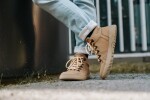 Be Lenka Barebarics Element Brown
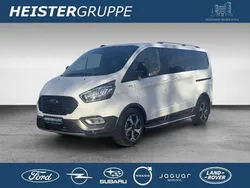 Weiß (frostweiß) Gebraucht 2024 Ford Tourneo Custom Active Van / Kleinbus | 45.890 € (Guter Preis)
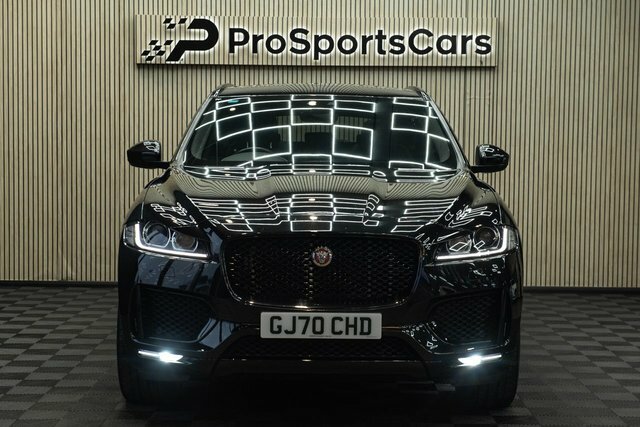 Jaguar F-Pace 2.0 D180 Chequered Flag Suv Awd Eu GJ70CHD Black #2
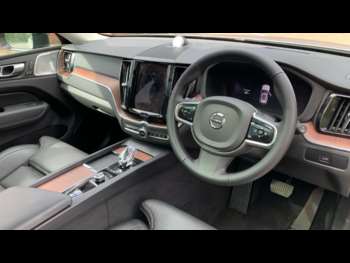 Used Volvo XC60 2024 for sale - 75459757: Photo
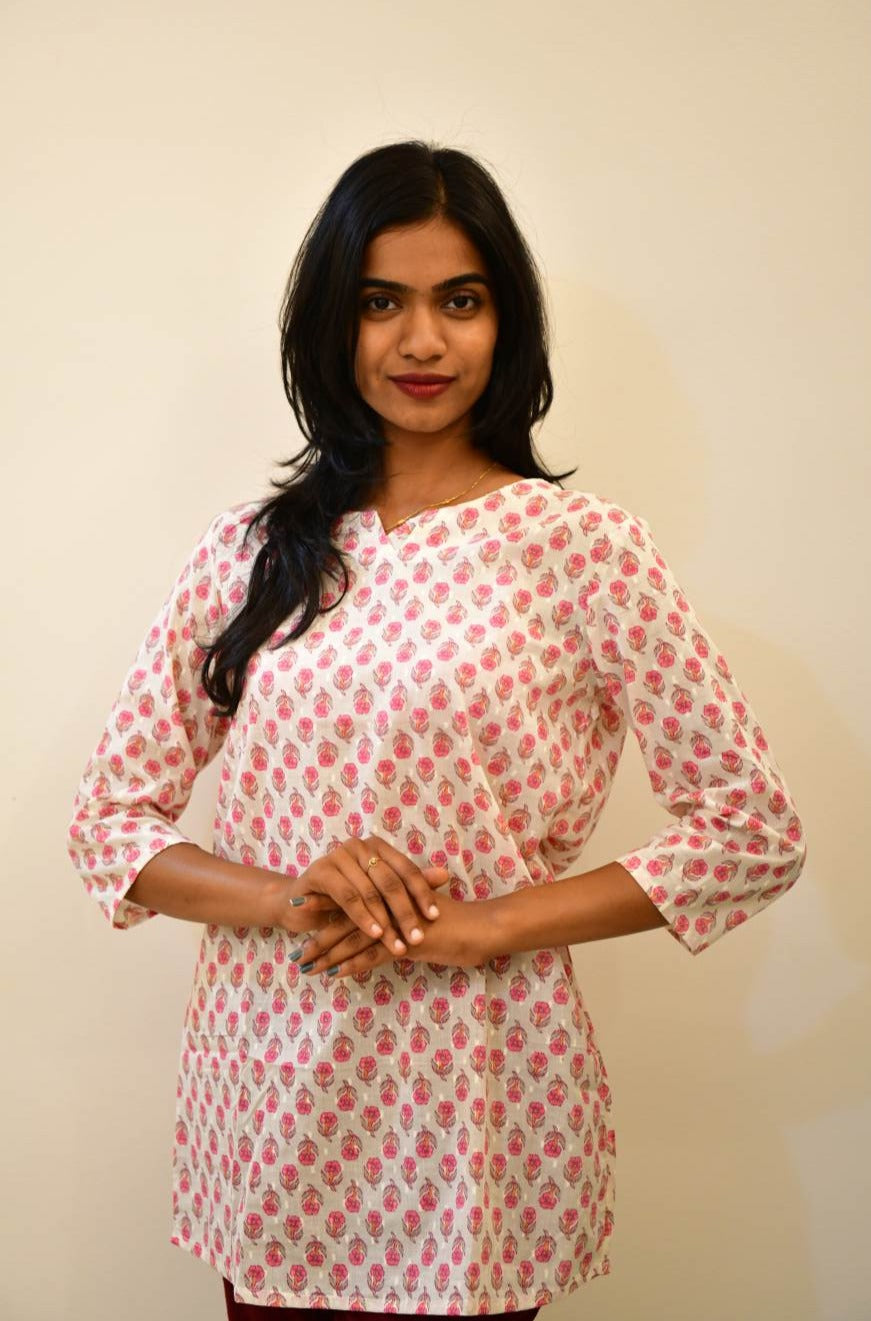 STYLIE Floral Printed White Short Kurti/top
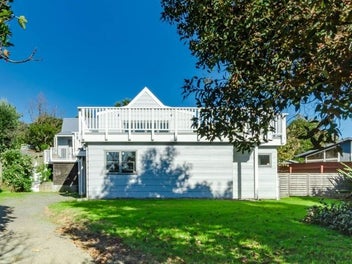 11 Hicks Crescent, Waikanae Beach, Waikanae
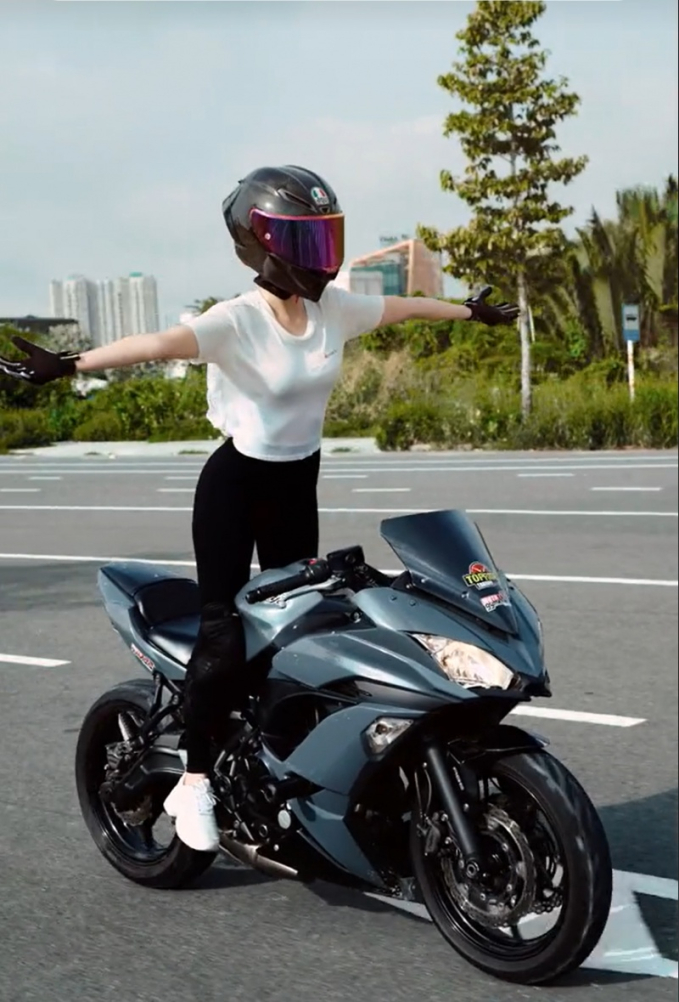 Vụ Ngọc Trinh thả tay lái xe moto: Bất chấp nguy hiểm quay video “sống ảo” và cái kết vướng vòng lao lý - Ảnh 2.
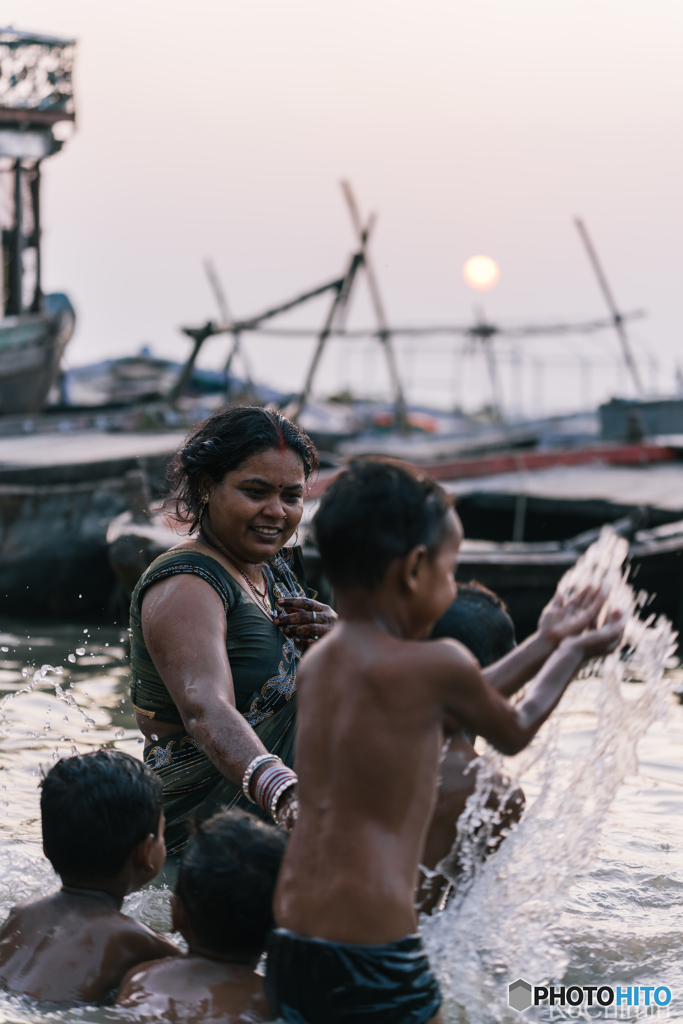 バラナシの夜明け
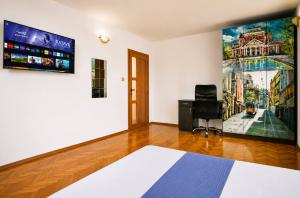 Spacious 3BR in the Center - Kitchen Smart TVs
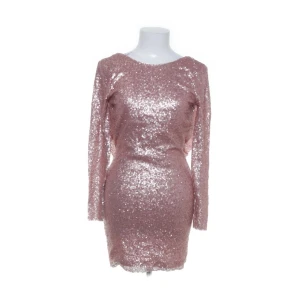 Glittrig klänning - Jättefin klänning från Rebecca stella! Aldrig använd bara testad💞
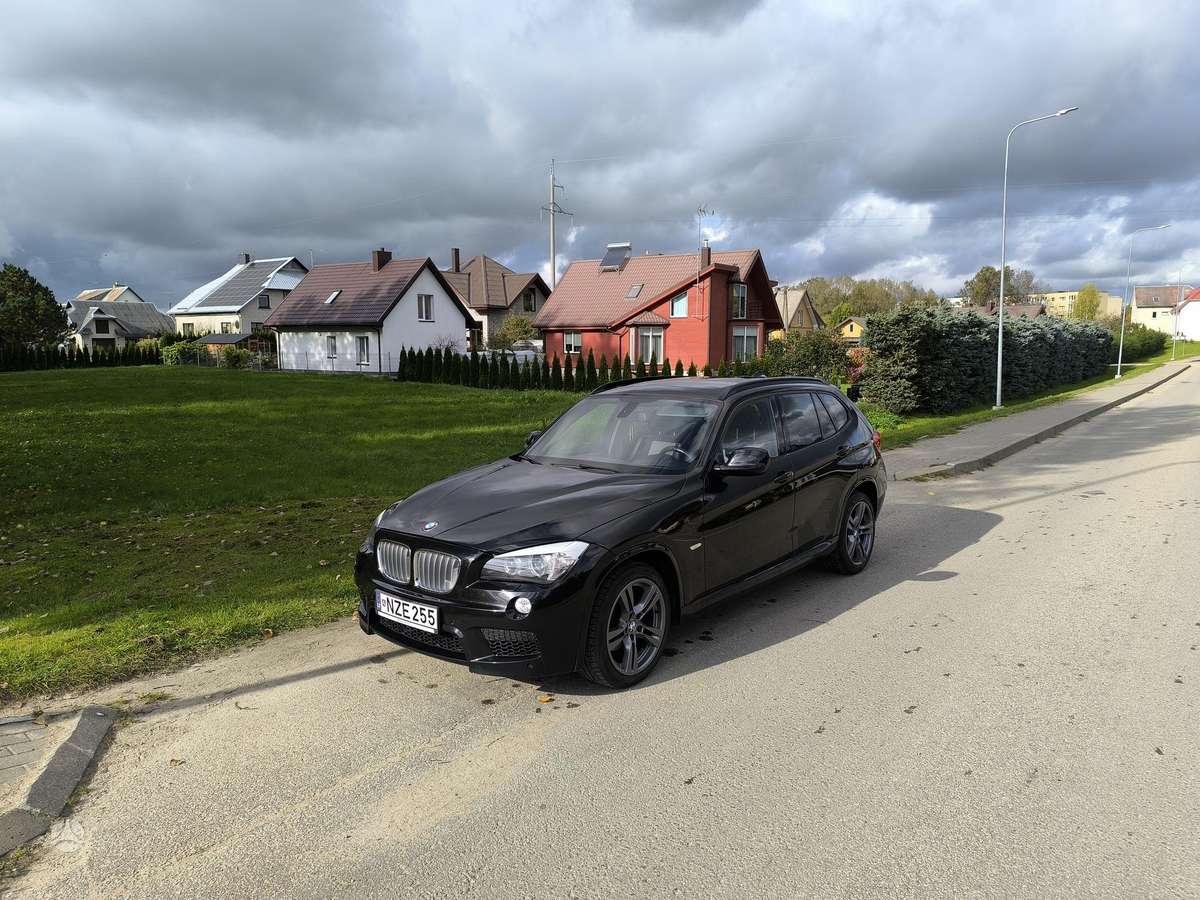 BMW X1, 2.0 l., off-road / crossover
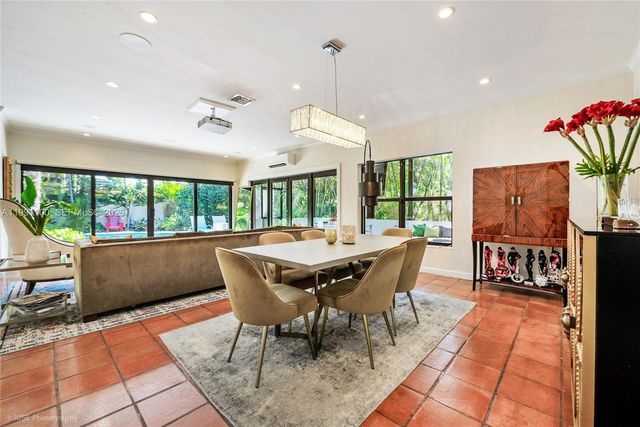 3620 Battersea Rd, Miami, FL 33133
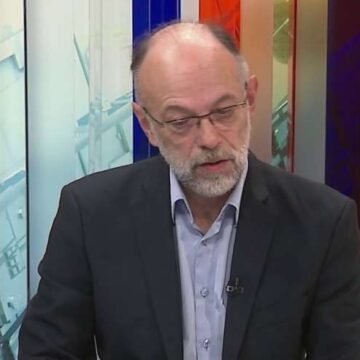 Liječnik poručio ministru Berošu: I ja bih se družio sa starleticama s čašom martinija u ruci, ali nemam kad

_____

A verbatim transcript of the entries above is required, with the pictures left out.

### Solution to the problem
 Be Lenka Barebarics Element Brown
 Weiß (frostweiß) Gebraucht 2024 Ford Tourneo Custom Active Van / Kleinbus | 45.890 € (Guter Preis)
 Jaguar F-Pace 2.0 D180 Chequered Flag Suv Awd Eu GJ70CHD Black #2
 Used Volvo XC60 2024 for sale - 75459757: Photo
 STYLIE Floral Printed White Short Kurti/top
 11 Hicks Crescent, Waikanae Beach, Waikanae
 Vụ Ngọc Trinh thả tay lái xe moto: Bất chấp nguy hiểm quay video “sống ảo” và cái kết vướng vòng lao lý - Ảnh 2.
 バラナシの夜明け
 Spacious 3BR in the Center - Kitchen Smart TVs
 Glittrig klänning - Jättefin klänning från Rebecca stella! Aldrig använd bara testad💞
 BMW X1, 2.0 l., off-road / crossover
 3620 Battersea Rd, Miami, FL 33133
 Liječnik poručio ministru Berošu: I ja bih se družio sa starleticama s čašom martinija u ruci, ali nemam kad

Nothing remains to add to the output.